▸ **Exercise prompt**
All that is needed is the line containing "NEW iPhone 6/6s/6+/6s+" and the lines after it to the end of the material, written out exactly, pictures left aside.

▸ **Data**
************

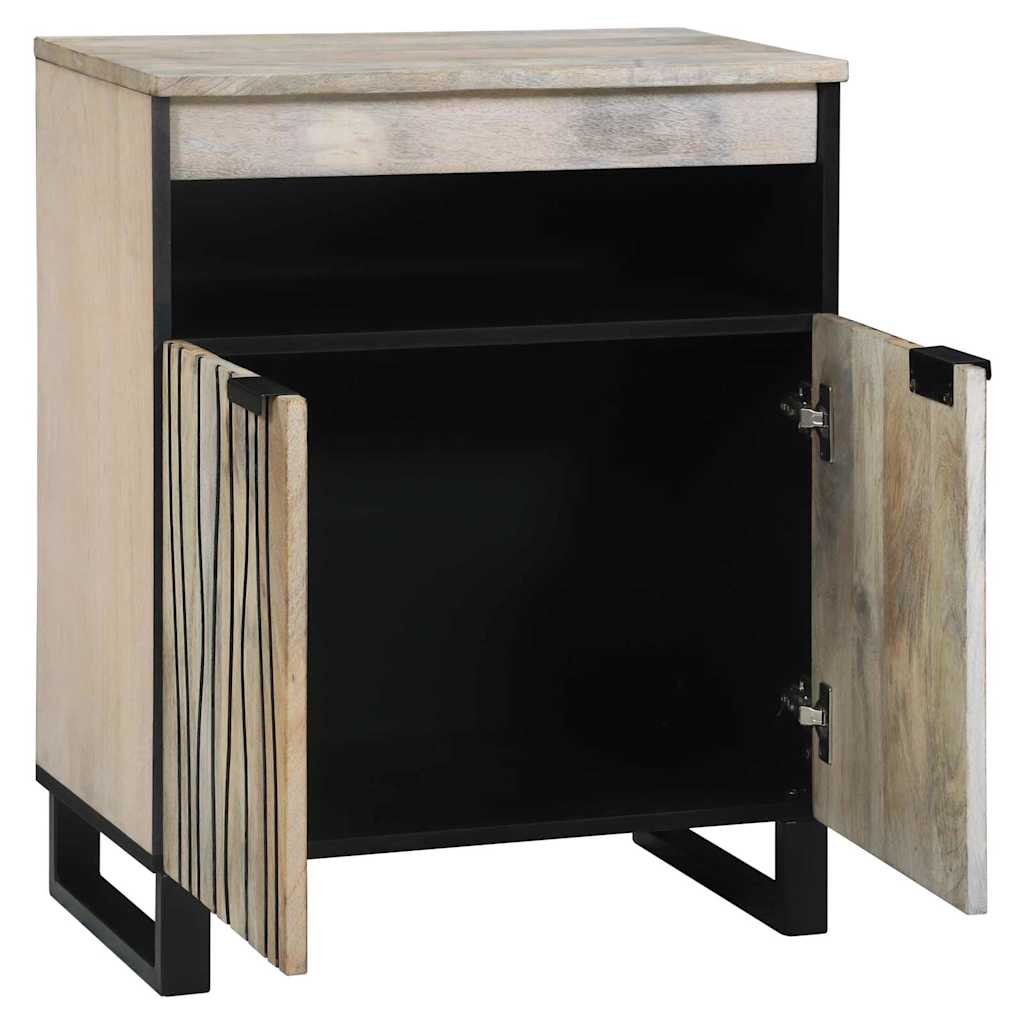 Media Storage Cabinets & Racks with Shelf with Storage with Door White and Black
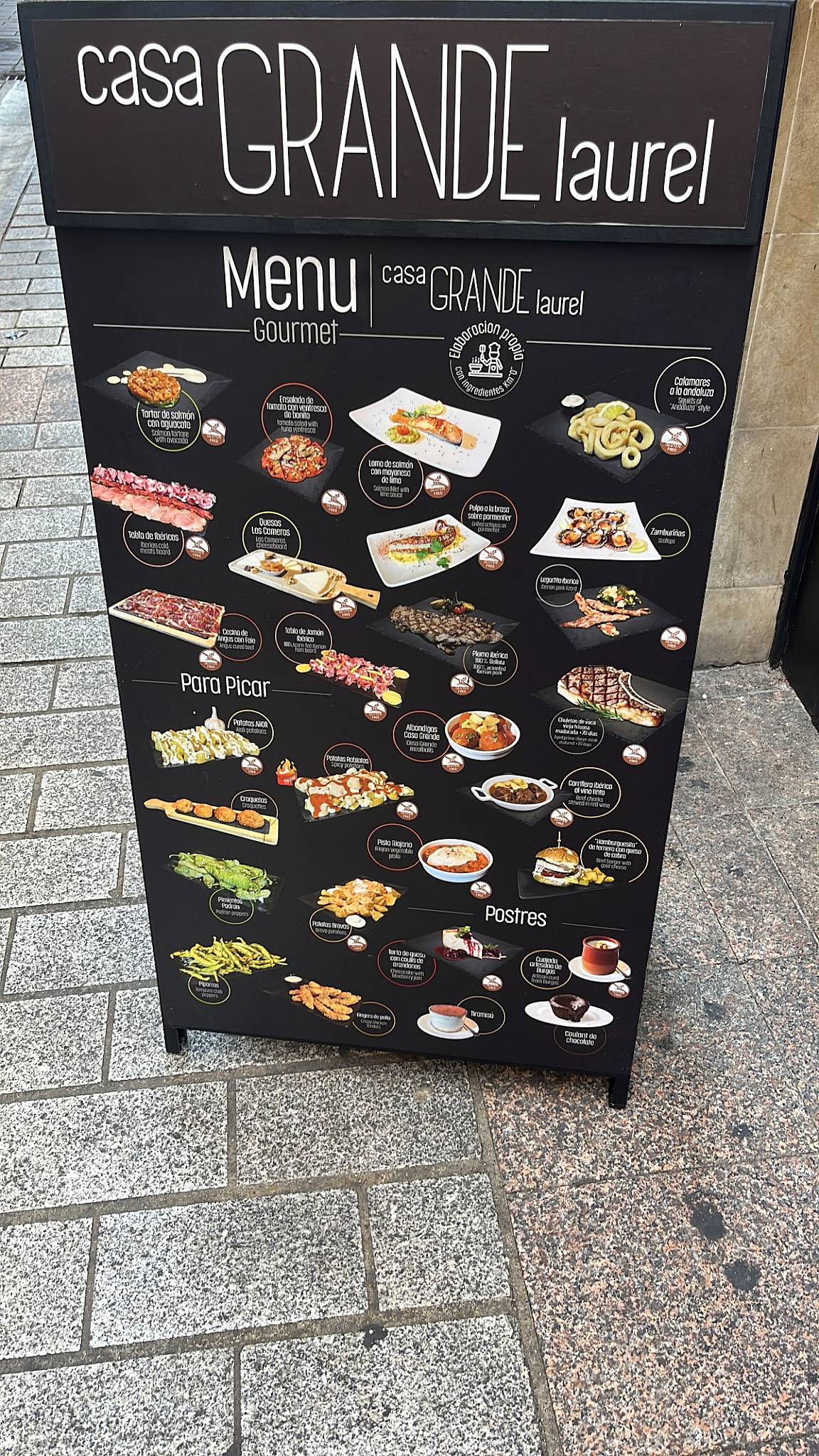 Restaurante Iruña меню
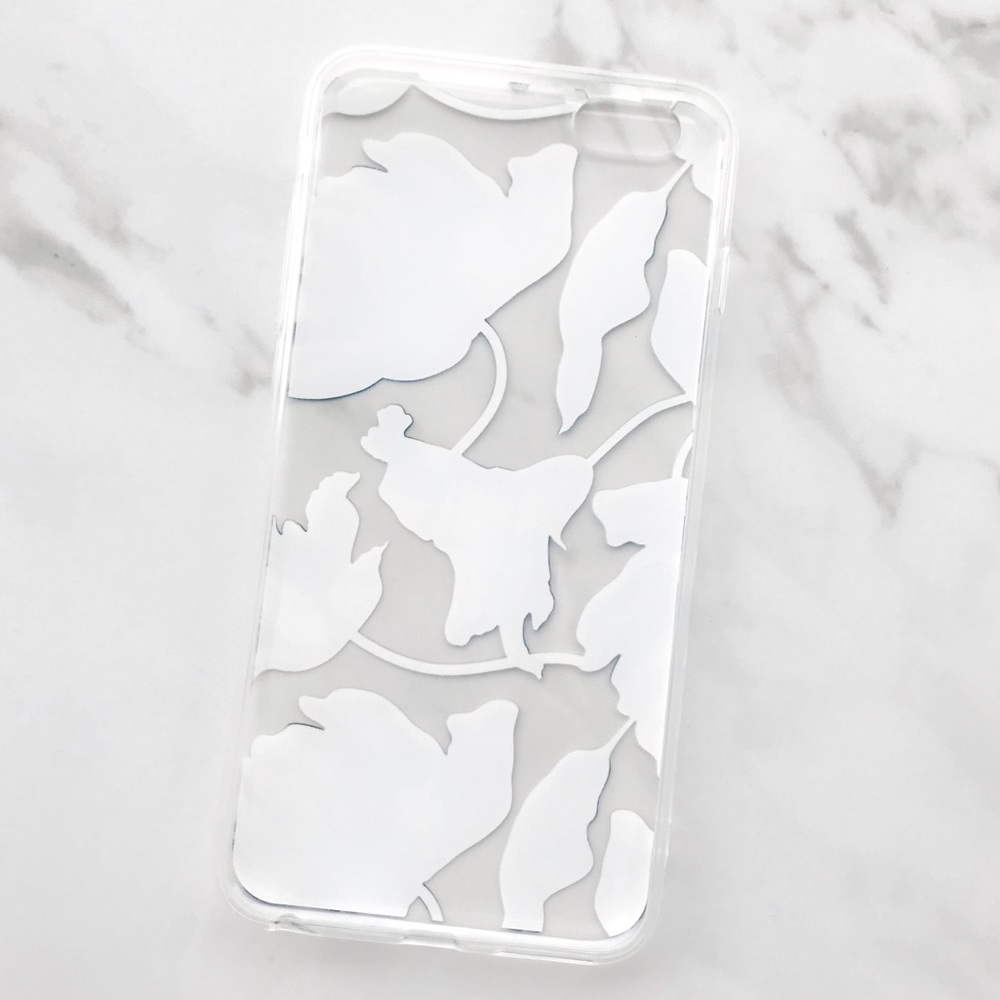 NEW iPhone 6/6s/6+/6s+ Floral Clear Soft Case - Picture 3 of 5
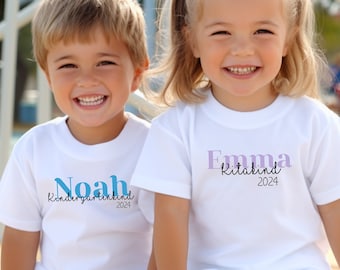 Kitakind 2025 T-shirt.Personalized kindergarten child outfit.Crib child 2025.Kindergarten child T-shirt with name.Crib child baby bodysuit.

************

▸ **Task output**
 NEW iPhone 6/6s/6+/6s+ Floral Clear Soft Case - Picture 3 of 5
 Kitakind 2025 T-shirt.Personalized kindergarten child outfit.Crib child 2025.Kindergarten child T-shirt with name.Crib child baby bodysuit.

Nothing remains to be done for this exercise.